* _DATA_
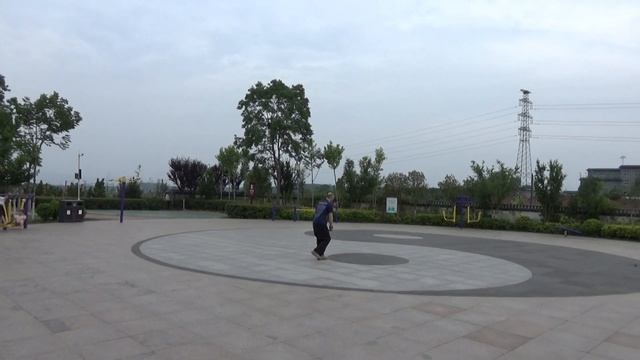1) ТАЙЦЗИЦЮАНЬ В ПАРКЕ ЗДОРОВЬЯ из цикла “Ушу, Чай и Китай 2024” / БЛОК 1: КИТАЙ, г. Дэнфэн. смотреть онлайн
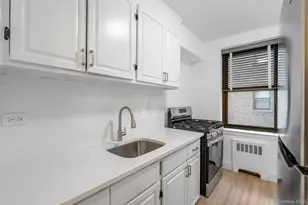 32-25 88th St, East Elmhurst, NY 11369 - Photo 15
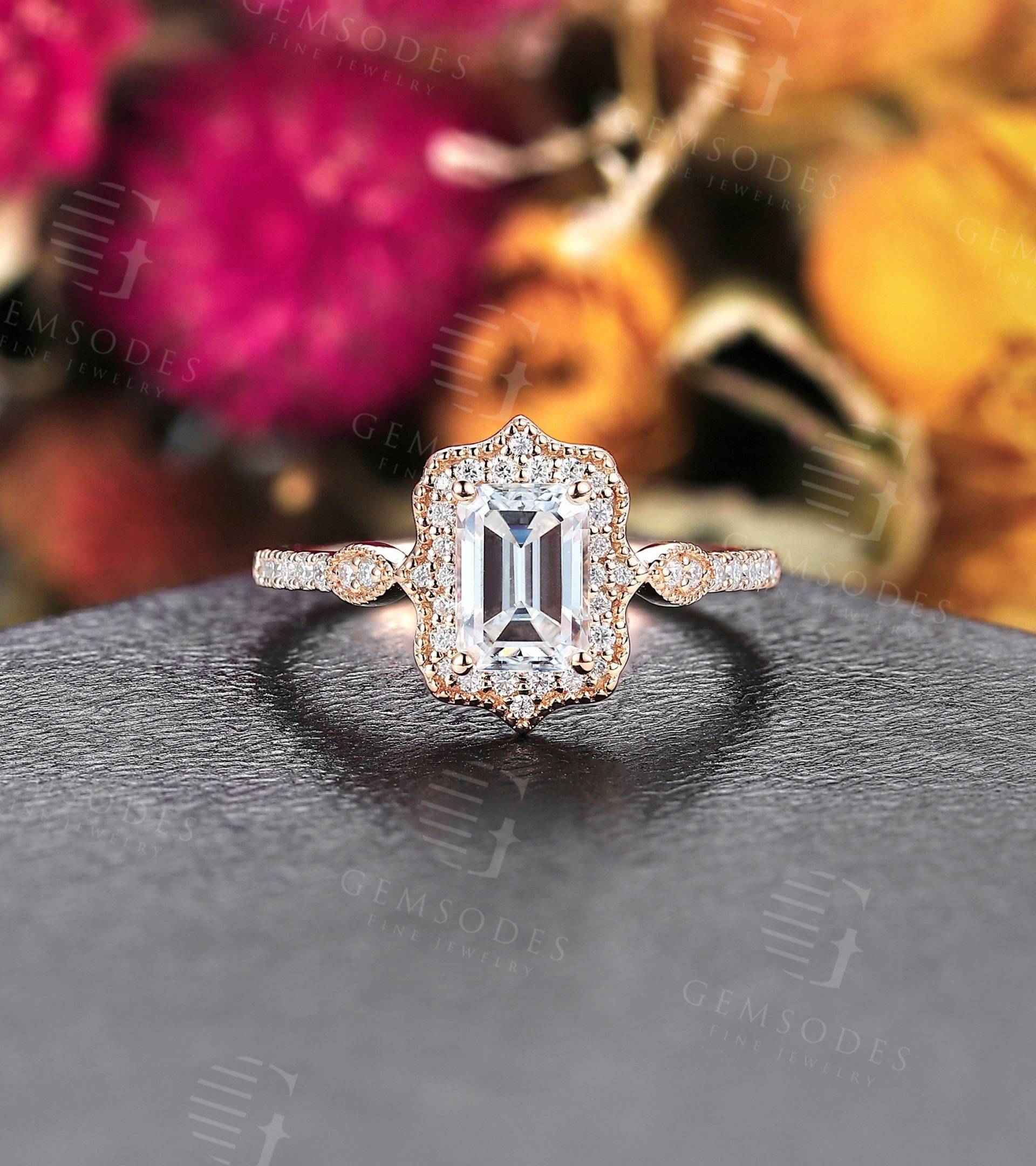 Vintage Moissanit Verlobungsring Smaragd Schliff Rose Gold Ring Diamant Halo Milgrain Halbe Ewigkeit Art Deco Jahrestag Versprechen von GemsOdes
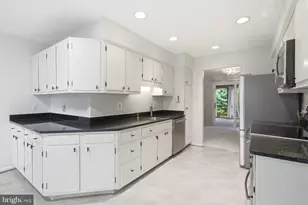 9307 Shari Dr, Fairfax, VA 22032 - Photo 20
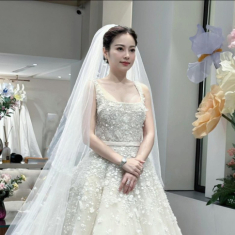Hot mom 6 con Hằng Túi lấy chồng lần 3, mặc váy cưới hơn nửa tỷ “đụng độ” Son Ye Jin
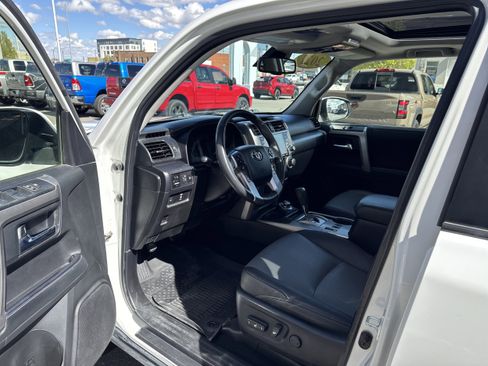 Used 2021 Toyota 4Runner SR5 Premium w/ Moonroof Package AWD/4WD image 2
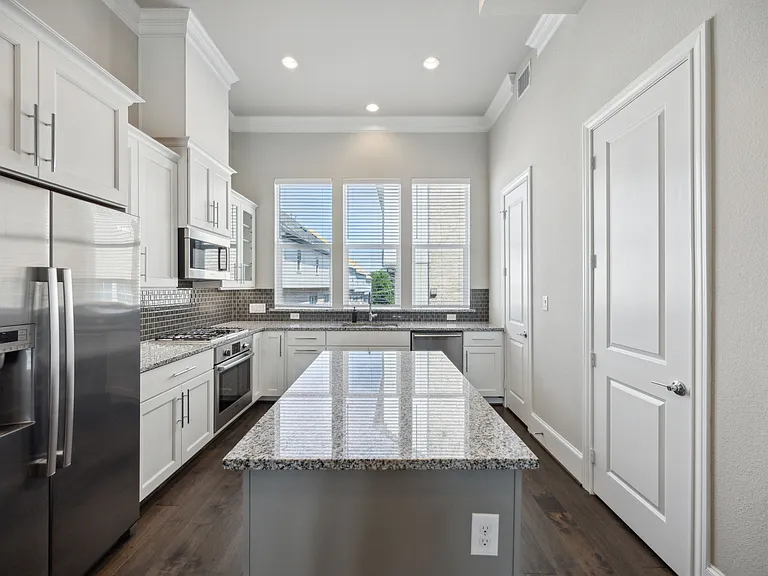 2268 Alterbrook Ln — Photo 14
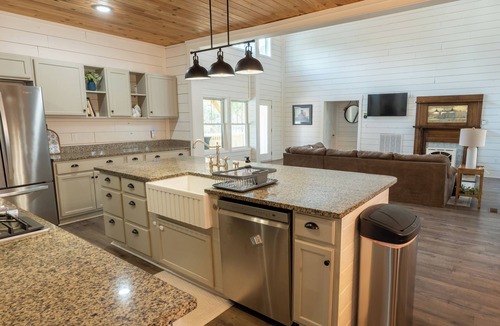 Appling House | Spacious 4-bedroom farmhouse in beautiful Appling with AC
* * *
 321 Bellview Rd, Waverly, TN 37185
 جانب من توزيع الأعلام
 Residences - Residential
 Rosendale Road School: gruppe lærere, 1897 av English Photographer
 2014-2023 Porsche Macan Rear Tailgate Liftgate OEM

* _TASK OBJECTIVE_
Copy the lines above exactly, starting with the line that contains "1) ТАЙЦЗИЦЮАНЬ В" and ending with the line that contains "Appling House |", and leave out any pictures.

* _EXERCISE OUTPUT_
1) ТАЙЦЗИЦЮАНЬ В ПАРКЕ ЗДОРОВЬЯ из цикла “Ушу, Чай и Китай 2024” / БЛОК 1: КИТАЙ, г. Дэнфэн. смотреть онлайн
 32-25 88th St, East Elmhurst, NY 11369 - Photo 15
 Vintage Moissanit Verlobungsring Smaragd Schliff Rose Gold Ring Diamant Halo Milgrain Halbe Ewigkeit Art Deco Jahrestag Versprechen von GemsOdes
 9307 Shari Dr, Fairfax, VA 22032 - Photo 20
Hot mom 6 con Hằng Túi lấy chồng lần 3, mặc váy cưới hơn nửa tỷ “đụng độ” Son Ye Jin
 Used 2021 Toyota 4Runner SR5 Premium w/ Moonroof Package AWD/4WD image 2
 2268 Alterbrook Ln — Photo 14
 Appling House | Spacious 4-bedroom farmhouse in beautiful Appling with AC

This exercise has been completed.